→ TASK BRIEF: Return the lines of the material below exactly, beginning with the line that has "Why Your Topical" in it and finishing with the line that has "patient before and" in it. Leave all pictures aside.

→ INPUT DATA:
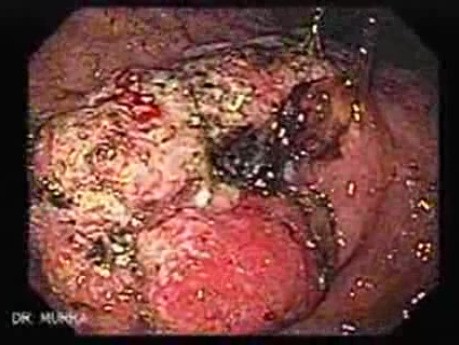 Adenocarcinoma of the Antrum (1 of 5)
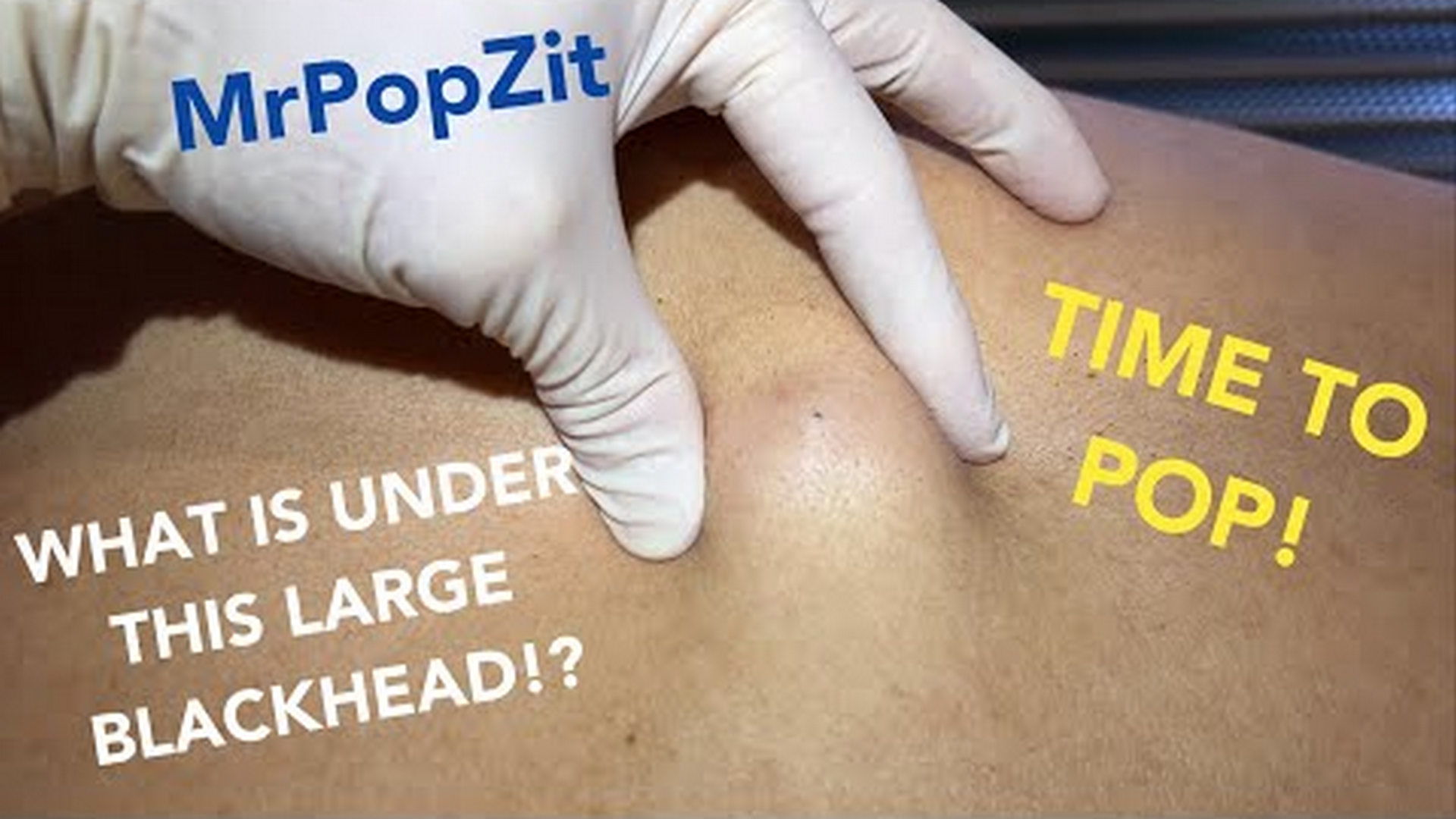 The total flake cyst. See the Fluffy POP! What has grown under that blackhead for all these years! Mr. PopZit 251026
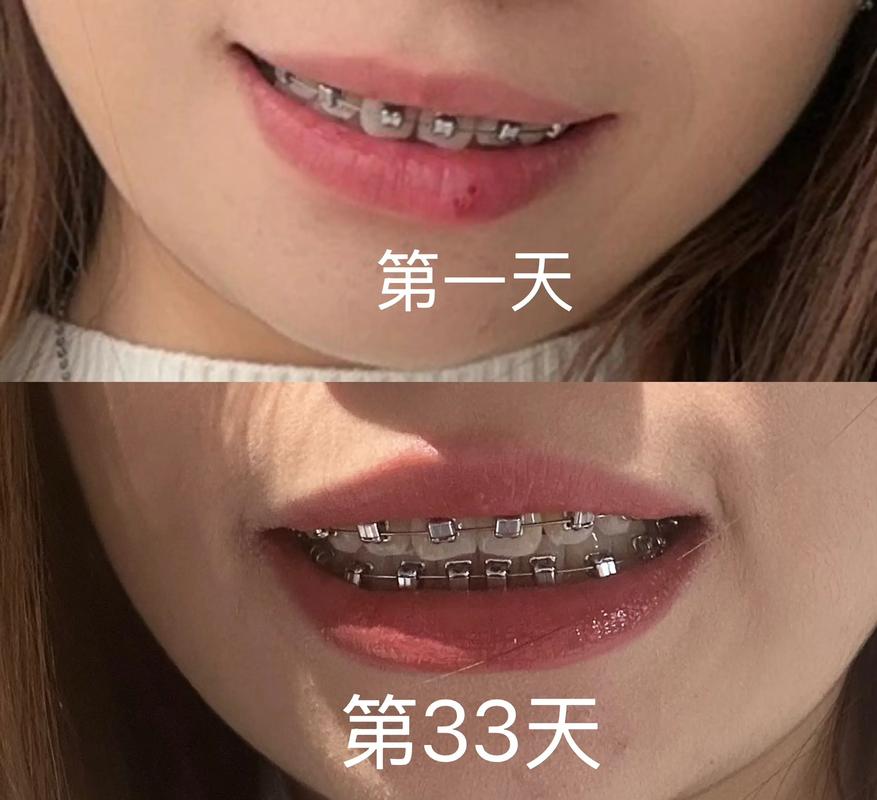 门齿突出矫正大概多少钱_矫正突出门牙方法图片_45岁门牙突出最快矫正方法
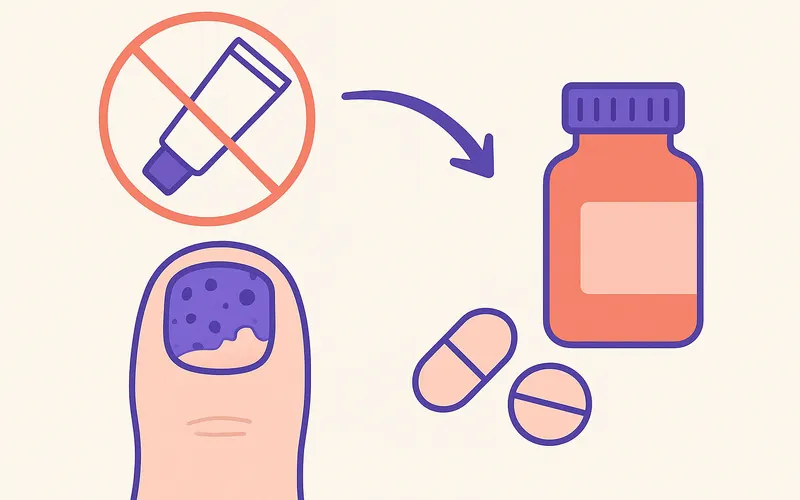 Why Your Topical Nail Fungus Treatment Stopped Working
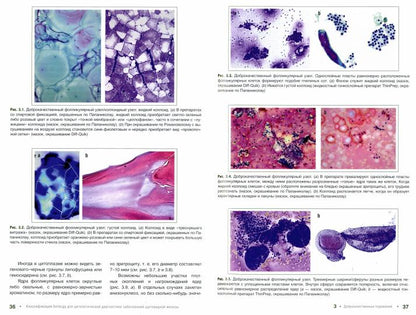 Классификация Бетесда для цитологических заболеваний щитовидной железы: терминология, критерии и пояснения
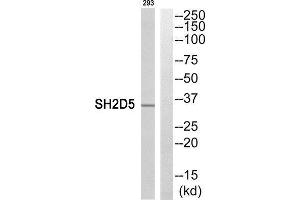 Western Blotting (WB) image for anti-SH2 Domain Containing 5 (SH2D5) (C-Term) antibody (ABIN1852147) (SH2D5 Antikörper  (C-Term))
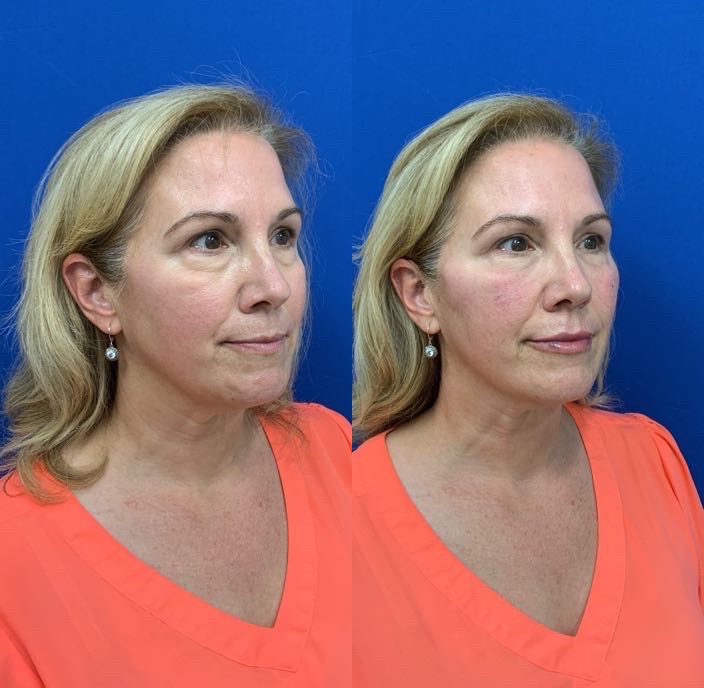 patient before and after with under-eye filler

==

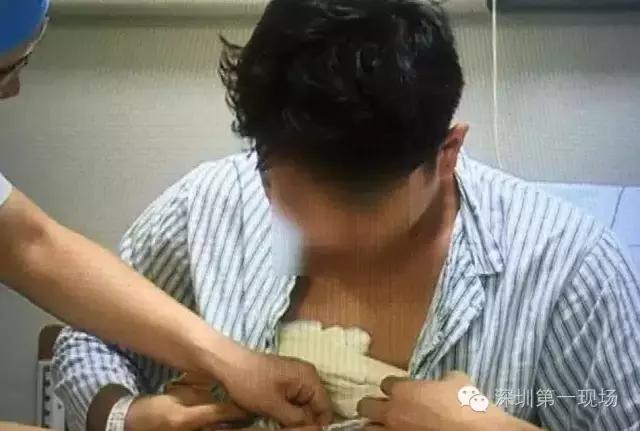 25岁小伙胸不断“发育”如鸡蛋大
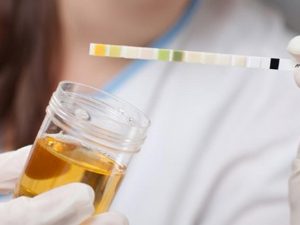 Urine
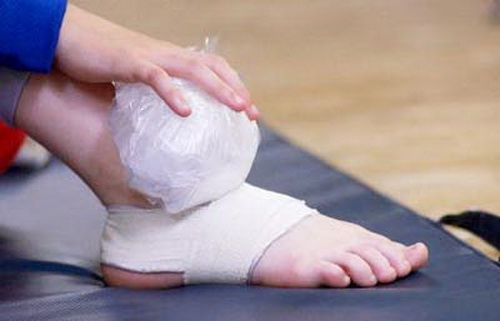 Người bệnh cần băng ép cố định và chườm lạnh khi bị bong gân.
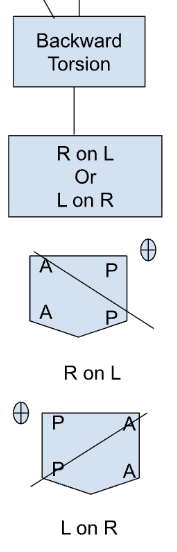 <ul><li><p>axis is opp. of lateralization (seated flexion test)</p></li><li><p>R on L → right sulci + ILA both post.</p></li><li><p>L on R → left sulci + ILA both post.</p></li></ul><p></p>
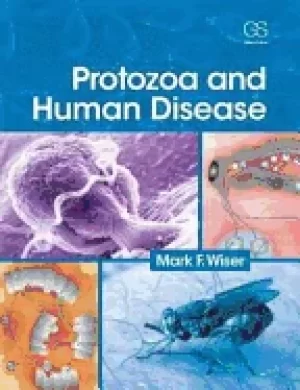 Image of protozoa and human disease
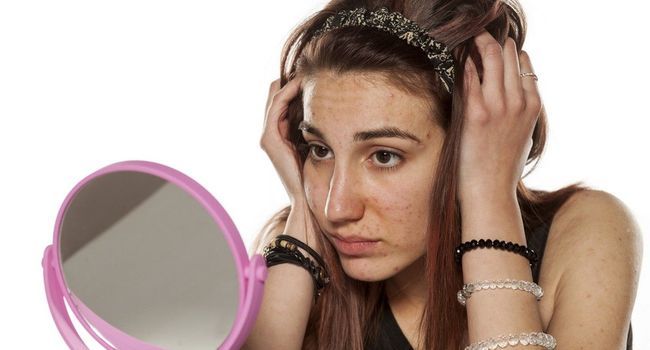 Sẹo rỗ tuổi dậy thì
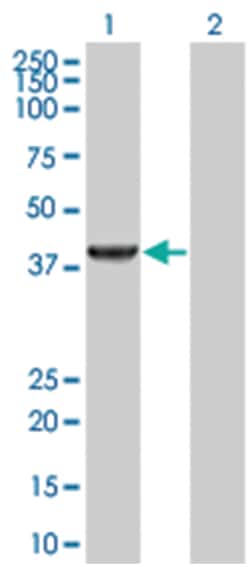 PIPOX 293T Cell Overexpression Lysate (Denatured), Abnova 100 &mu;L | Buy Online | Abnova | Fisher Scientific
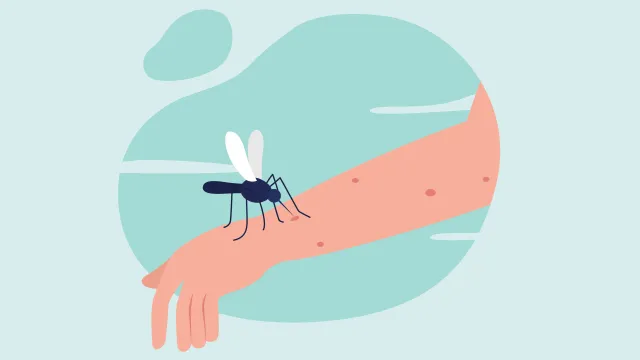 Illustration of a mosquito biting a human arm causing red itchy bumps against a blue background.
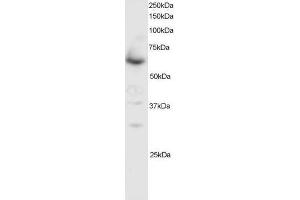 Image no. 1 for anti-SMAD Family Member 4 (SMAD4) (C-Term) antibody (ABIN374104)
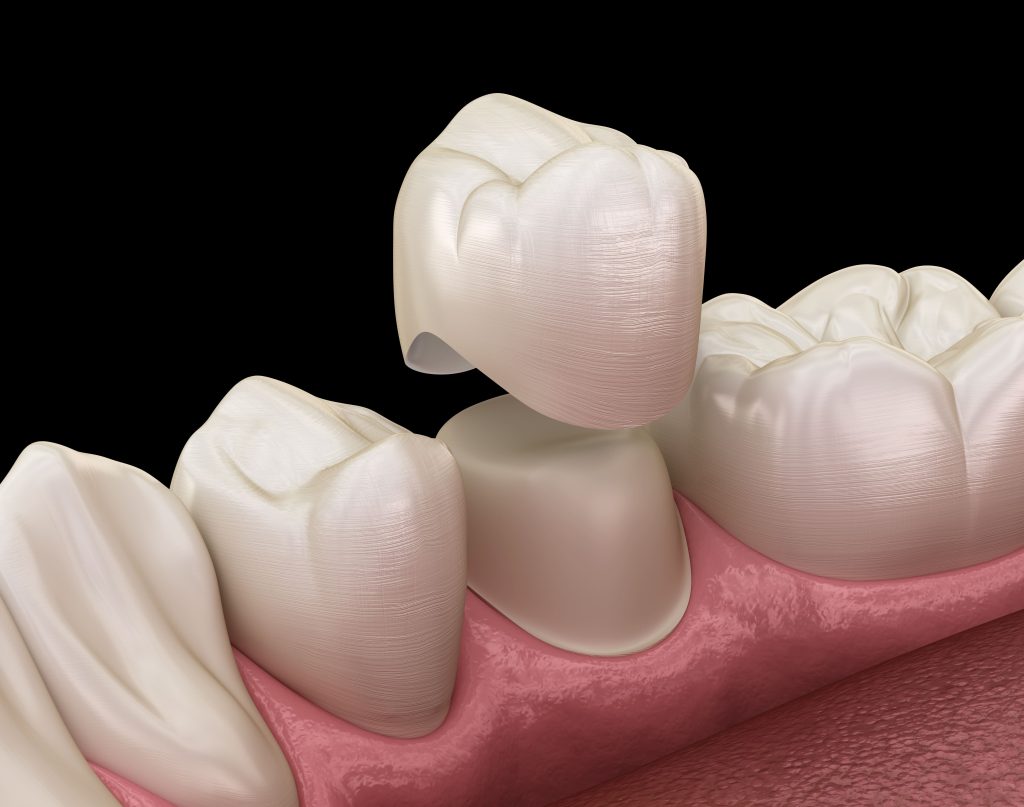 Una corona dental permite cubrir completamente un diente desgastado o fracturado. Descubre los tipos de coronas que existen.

→ EXERCISE RESULT:
 Why Your Topical Nail Fungus Treatment Stopped Working
 Классификация Бетесда для цитологических заболеваний щитовидной железы: терминология, критерии и пояснения
 Western Blotting (WB) image for anti-SH2 Domain Containing 5 (SH2D5) (C-Term) antibody (ABIN1852147) (SH2D5 Antikörper  (C-Term))
 patient before and after with under-eye filler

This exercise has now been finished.